Changing a Darted Pant to a Pleated Pant and Vice Versa
The following are directions on how to change a darted pant to a pleated one or vice versa. Be sure to ask any questions and we will be glad to post the questions and answers. We will start with a darted pant and it is only the front that is changed. The back remains the same, as it is already darted.
Note: These directions apply to Silhouettes Pattern #3000.
1.) The dart on the front of the pant that is closest to the center front seam is called the center dart. It's placement is roughly 4" from the center front of the pant. Cut from the top of this dart down through the crease line of the pant to the very edge of the center of the hem, called the pivot point. Open the pant side, leaving the center of the pant where it is. The amount of the opening is called style and how much you want to open the pant is up to you, the designer. Just remember that you should double the pleat amount you want because the pleat has two layers. So if you want to pleat to be 3/4" deep, you should open the pleat up to 1 1/2" total. The pattern must remain flat. If it is not, then you have not cut to the edge of the pattern.
See Figure 1
2.) The dart on the front of the pant that is closest to the side of the pant is called the side dart. Its' placement has no rules to follow and is simply decided upon by the designer of the pattern. Cut from the top of this dart down about 8" (this amount is not critical) and then angle over to the side seam and use any point on the side seam as a pivot point.
The lower the pivot point the longer the pleat will extend down the leg. Then open up the side of the pant twice the amount that you want the pleat to be in depth. Again, the pattern must remain flat. If it is not, then you have not cut to the edge of the pattern. Any point along the edge of a pattern can act as a pivot point.
See Figure 2
It's that easy! Many have requested us to make a pattern with a flat front. We are having too much fun making other great patterns to simply make this one little change to our pants pattern #3000. So get our pattern and reverse this process, by overlapping the tissue, until there is just a dart left at the waist, and its that simple. Let us know of your success and email us with your questions.
To reverse this process, to go from pleats to darts on any pants pattern, including pattern #3000, do the following to the pant front and do nothing to the pant back.

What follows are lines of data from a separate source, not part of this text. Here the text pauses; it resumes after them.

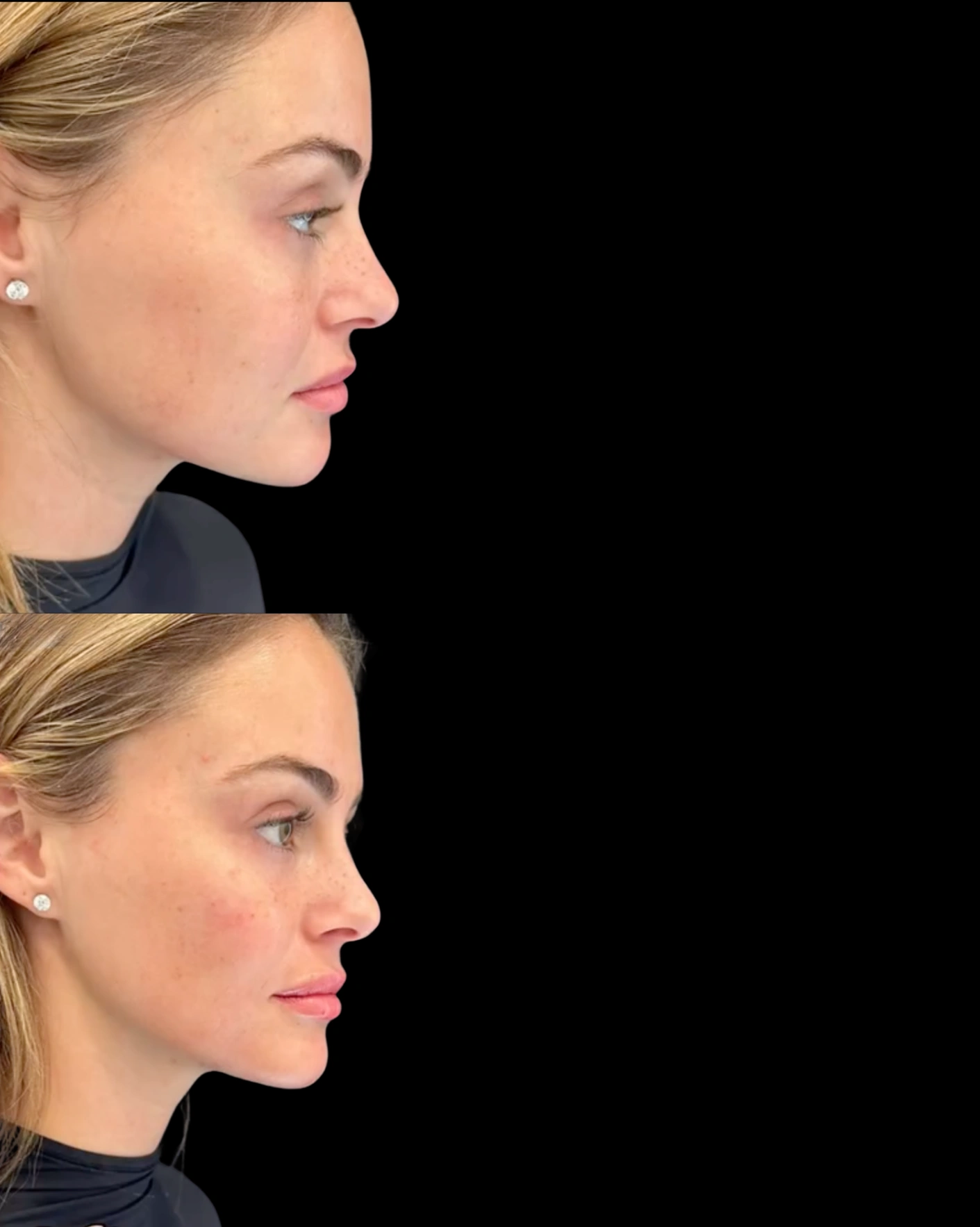 Real Patient Results by Motykie Med Spa serving Beverly Hills & Los Angeles, CA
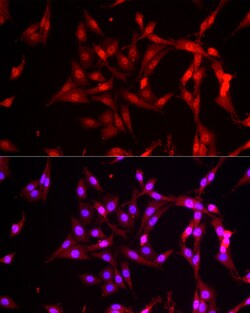 Invitrogen FBXW11 Polyclonal Antibody 100 μL; Unconjugated:Antibodies,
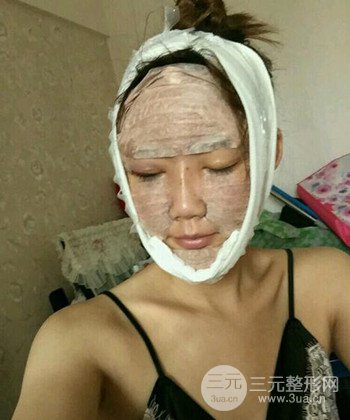 全臉自體脂肪填充手術(shù)日記分享，改良臉型年輕十歲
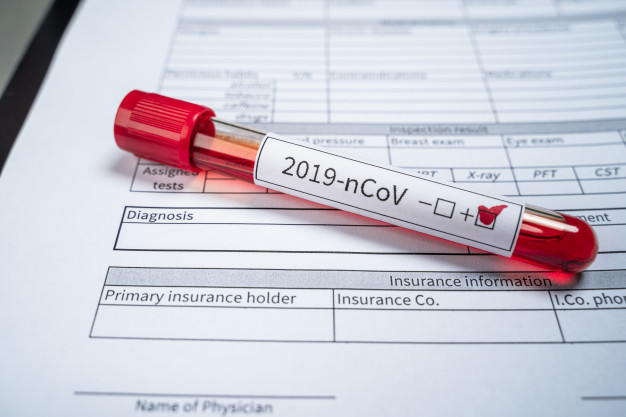 test koronavirus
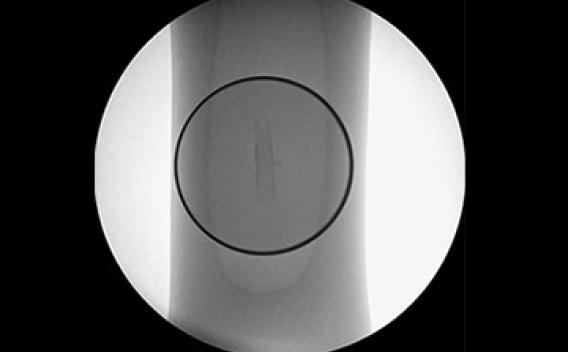 fluoroscopic film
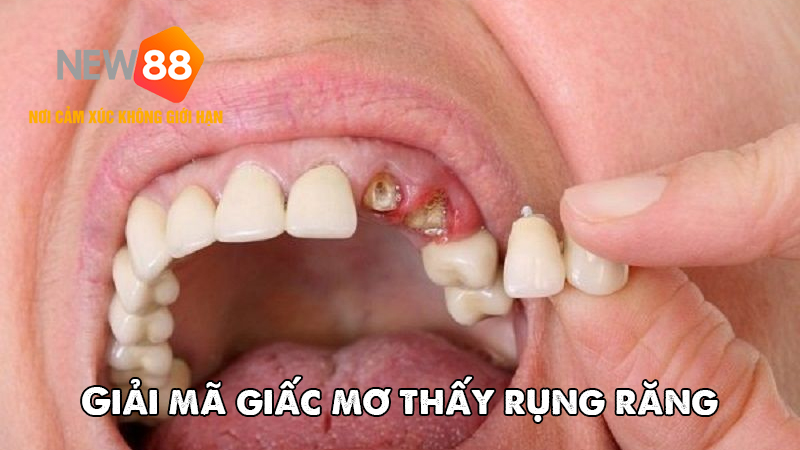 Giải Mã Giấc Mơ Nằm Mơ Thấy Rụng Răng – Điềm Gì Đang Đến Với Bạn? 6 Góc nhìn khoa học qua giấc mơ thấy rụng răng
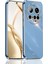 Xiaomi Mi 15 Ultra Kılıf Kamera Korumalı Parlak Gold Altın Işlemeli Kenarlı Yumuşak Silikon Kapak 1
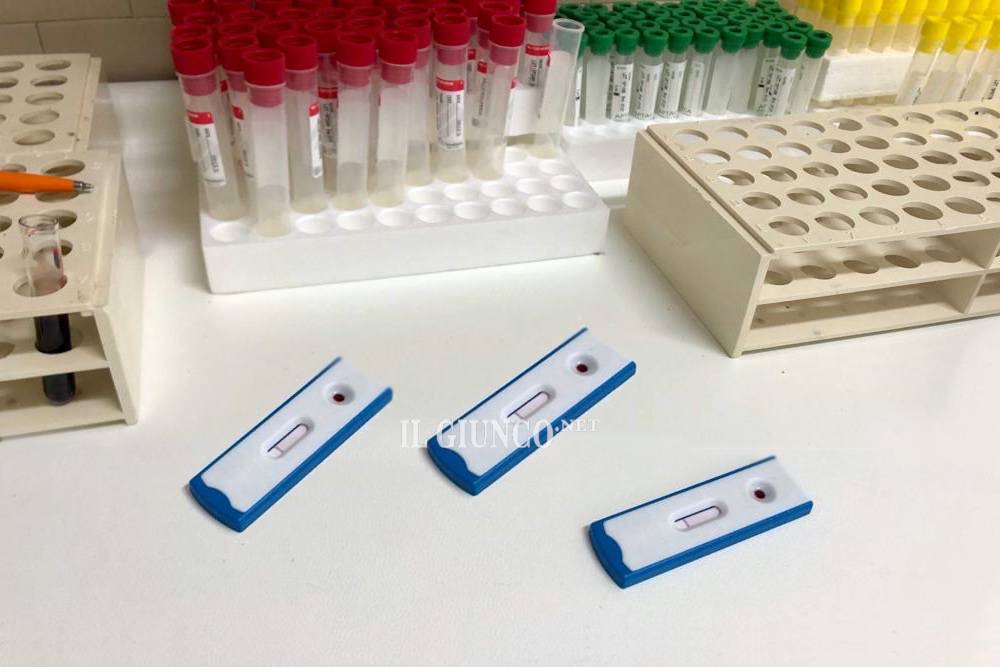 test sierologici Coronavirus 2020
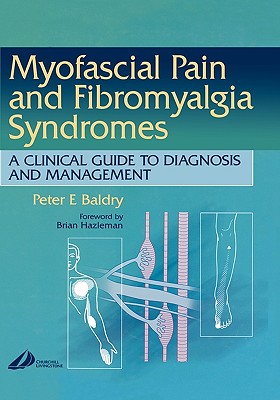 Myofascial Pain and Fibromyalgia Syndromes: A Clinical Guide to Diagnosis and Management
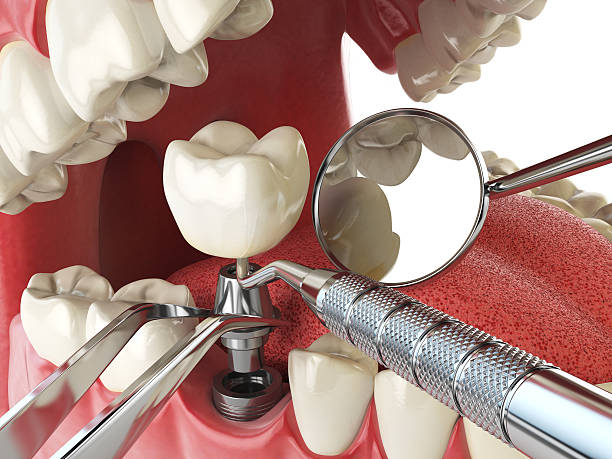 Best Broken or Cracked Tooth Emergency Dentist in Menlo Park, CA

There are pleat markings at the top of the pants front. There are two
pleats. One is closest the the center front and I will call this pleat the
center pleat, one is closest to the side seam and I will call this the side
Fold the tissue of the center front pleat closed, or almost closed at the
top and taper the close all the way down the hem, making the pattern lay flat. The pleat has a dart included in it, so I say close it most of the
way, leaving space to form a dart. Darts are just there for fit, so be sure to realize that this amount will vary according to how thick your waist is.
Fold the tissue of the side front pleat closed, or almost closed at the top and taper the close to the side seam at about the full part of the thigh. This pleat was not cut down to the bottom of the pant to open it up, so to close it, you would just go down to the thigh. You have to go to a sideseam so that the pattern will lay flat. Again, you can close it all the way or most of the way depending on how much dart you think you need. If you have a small waist in comparison to your hips, then I would not close it the whole way and leave space for a dart.